Jason Aaron and RM Guera are back for a second volume of their grim, gory and grimy reimagining of Genesis, The Goddamned, a mere five years after the first, and, Lordy, it wasn’t worth the wait!

The story just wasn’t engaging. That’s the only reason I didn’t like the book - but it’s a pretty big one! Girls run, dickheads chase, fighting, then the ending. Bo-ring. The characters aren’t interesting, I’m over Aaron/Guera’s interpretation of an evil, pseudo-subversive Bible vision, and nothing memorable or gripping happens.

And I say that with disappointment because I loved their previous collaboration, Scalped, but it’s clear that Jason Aaron has really fallen hard from those heights since then. It’s been a minute since his last great book (from another Image series that he appears to have abandoned, Southern Bastards) and, unfortunately The Goddamned, a series that started out mediocre, has only gotten worse in the interim years.
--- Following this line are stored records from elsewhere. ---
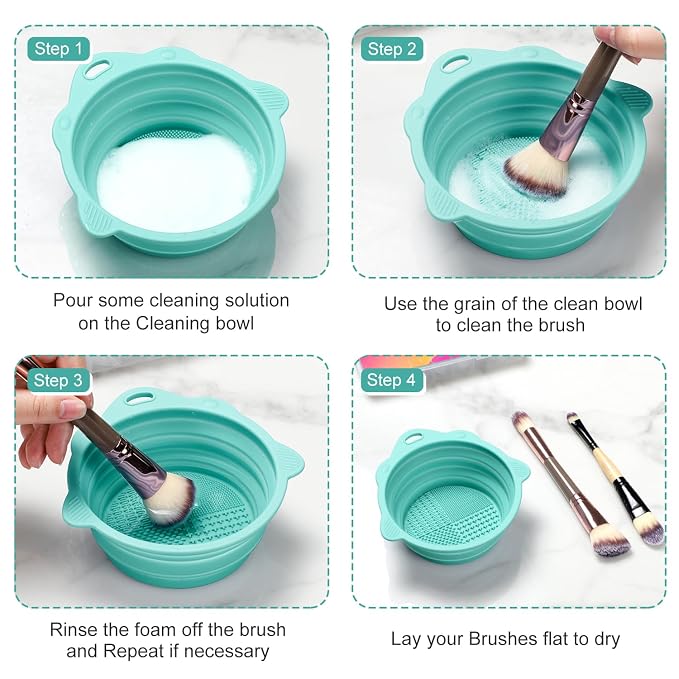 Foldable Silicone Makeup Brush Cleaner Bowl | Portable Cleaning Tool For Brushes, Powder Puffs, Sponges (Green)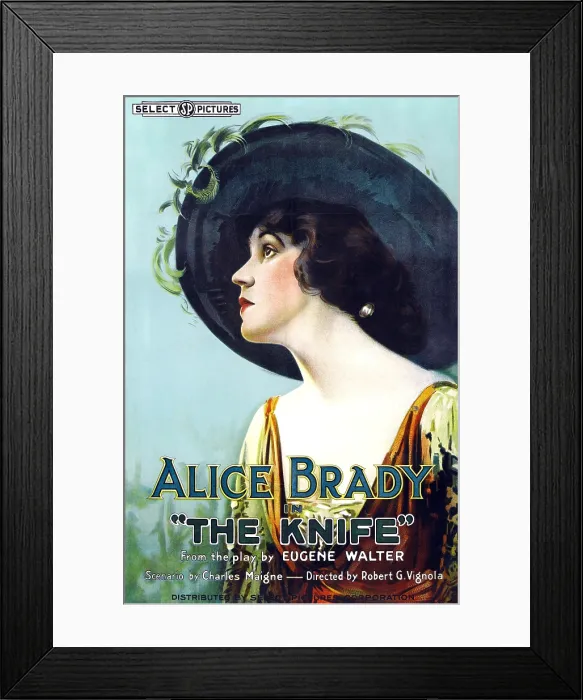 Framed Print : THE KNIFE, Alice Brady on 1-sheet poster art, 1918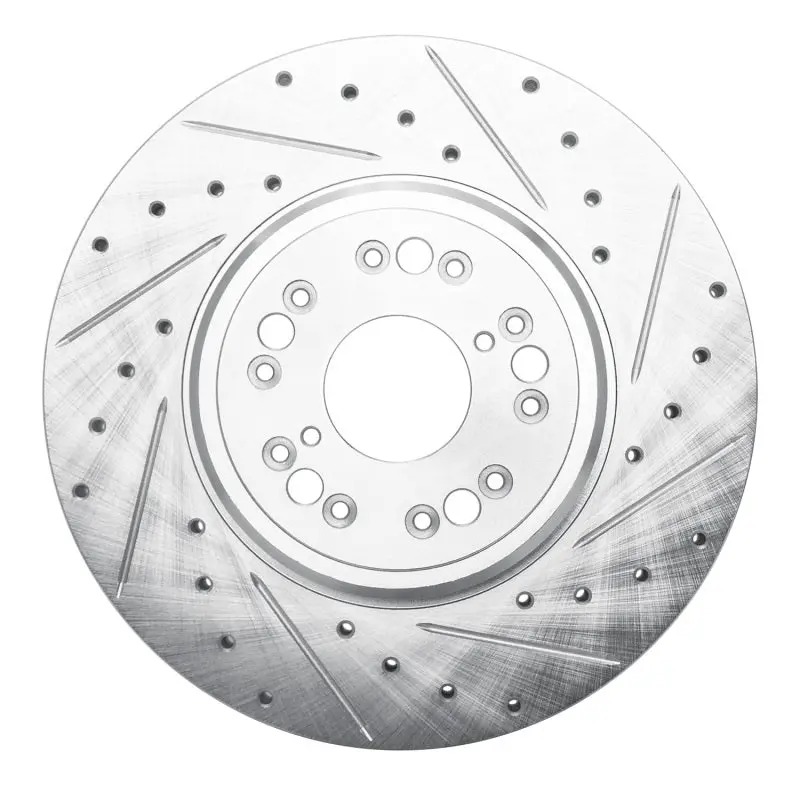 R1 1995-2000 Lexus Ls400 Front Right Drilled & Slotted Silver Brake Rotor 1
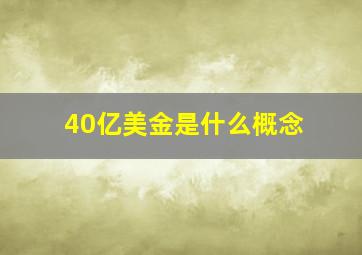 40亿美金是什么概念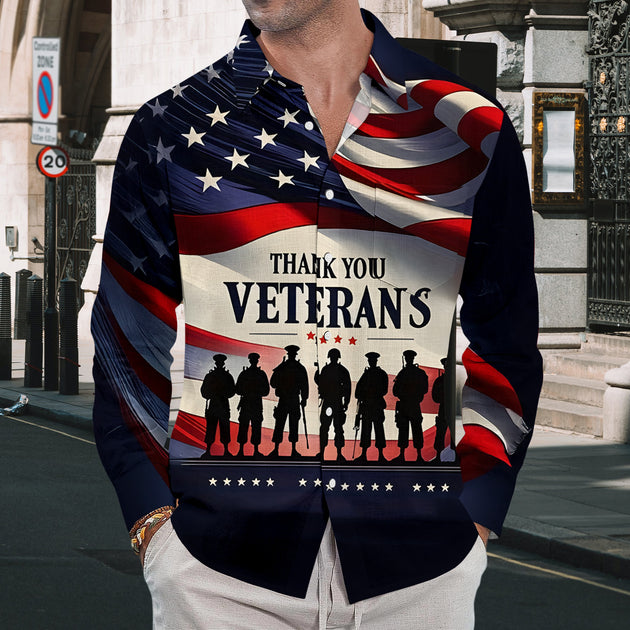 men's button up shirt front view Independence Day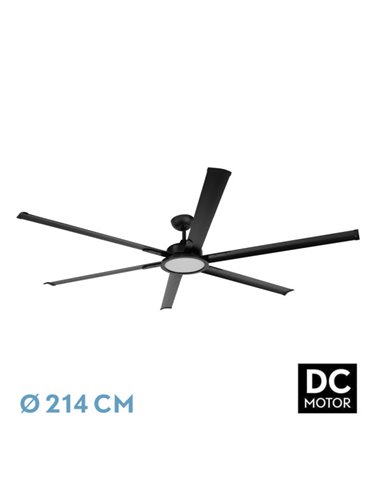 Ventilador Almanzor Preto DC 24W 6 Lâminas Ajustáveis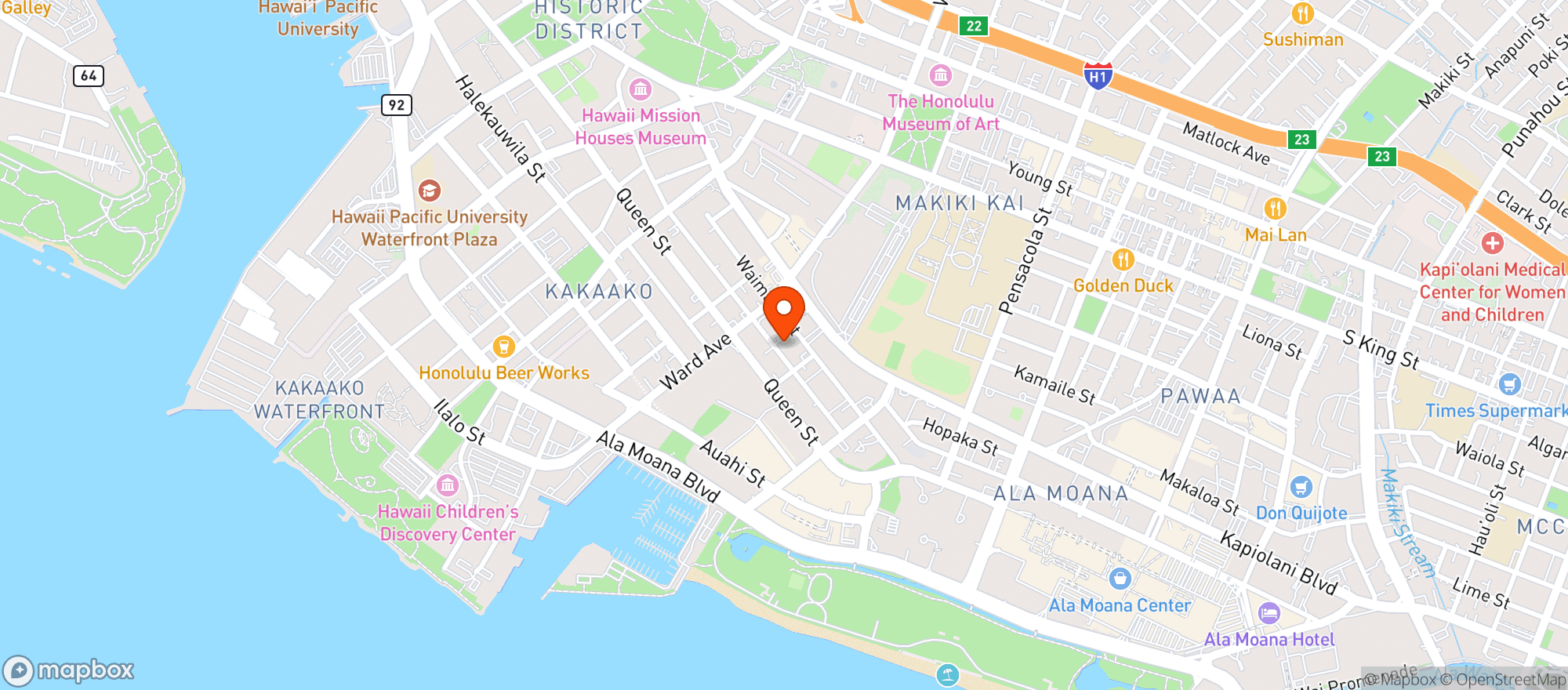 Map showing Hana Koa Brewing Co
I don’t know why such gross offspring are produced when angels mate with humans, and maybe I’d know if I was steeped in Christian bullshit, but it’d’ve been nice if Aaron had offered up something of an explanation instead of nothing. I guess to imply God/the angels are grotesque, in keeping with how they view Christianity in this series? And the brides are barely pubescent girls because Mary, right, so God’s a creep or something? Eh. Gratuitous grossness does nothing for me. I don’t like Christianity either, or any religion for that matter, but I don’t have the same bone to pick with it that Aaron/Guera seem to. The tone just feels childish to me, like teenagers who are trying to be edgy.

The way Aaron writes the serpent/demon was fun, as was the sheer nihilism of that finale, and I LOVED Guera’s art. He’s the opposite of Aaron and has only gotten better with time. If you’re as much a fan of his artwork as I am, he’s basically the sole reason you’re gonna pick up this book.

From the way it starts raining heavily at the end of this book, it’s clear what the next Ark is going to be in this series, which, at the rate they’re producing these, should be in 2026 or so, assuming there’s an audience still there to read it. Meanwhile though, there’s The Virgin Brides, a pointless and instantly forgettable addition that could very likely end the interest of many readers in this increasingly goddamned dreary series.